* [PROBLEM TO WORK ON]:
Locate the line bearing "Hart-CellerImmigrationAct" in the material below, then reproduce it and each following line up to and including the line bearing "Decor • $15.75".

---------- ENTRIES PROVIDED ----------

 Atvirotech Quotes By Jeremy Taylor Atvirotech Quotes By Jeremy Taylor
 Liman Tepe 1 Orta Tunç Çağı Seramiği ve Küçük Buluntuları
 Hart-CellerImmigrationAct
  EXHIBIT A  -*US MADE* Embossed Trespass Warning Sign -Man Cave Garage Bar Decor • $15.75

----------
---------- ENTRIES PROVIDED ----------

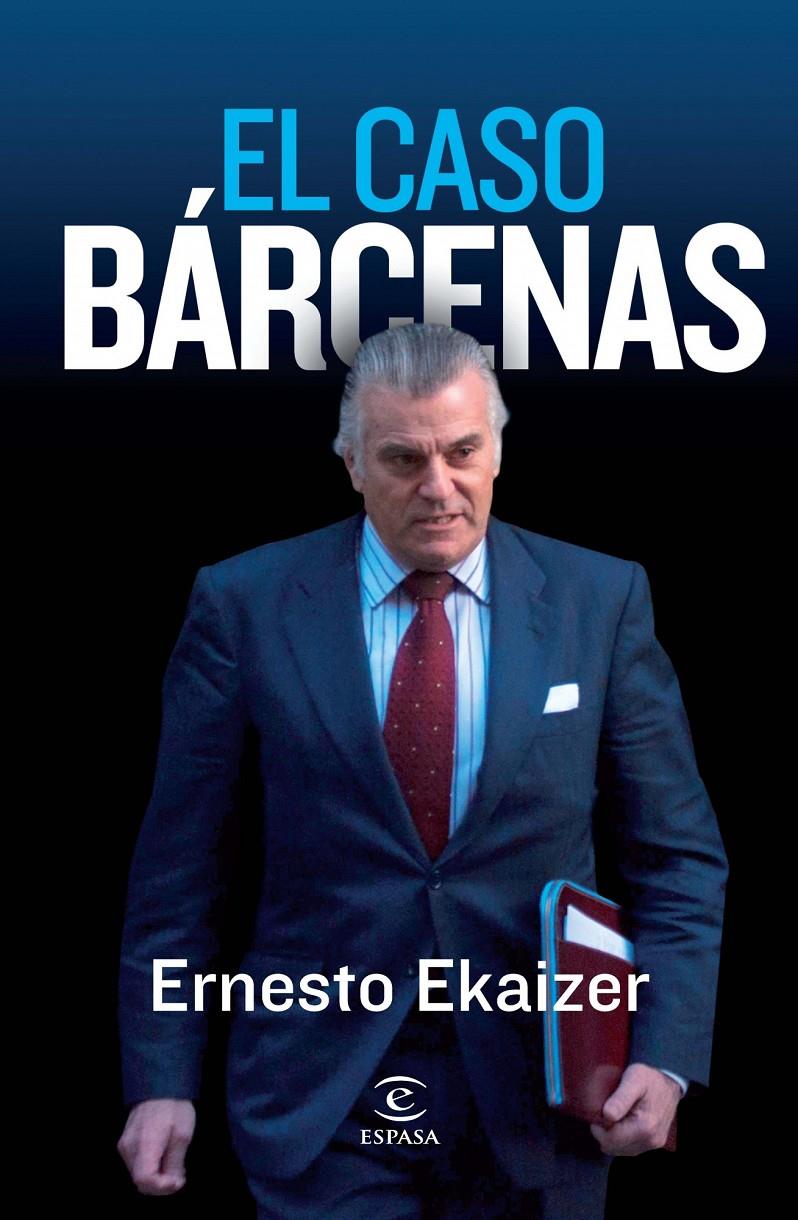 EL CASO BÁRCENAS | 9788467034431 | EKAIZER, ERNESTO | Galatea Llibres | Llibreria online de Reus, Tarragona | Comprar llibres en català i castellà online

----------

* [SOLVED PROBLEM]:
 Hart-CellerImmigrationAct
  EXHIBIT A  -*US MADE* Embossed Trespass Warning Sign -Man Cave Garage Bar Decor • $15.75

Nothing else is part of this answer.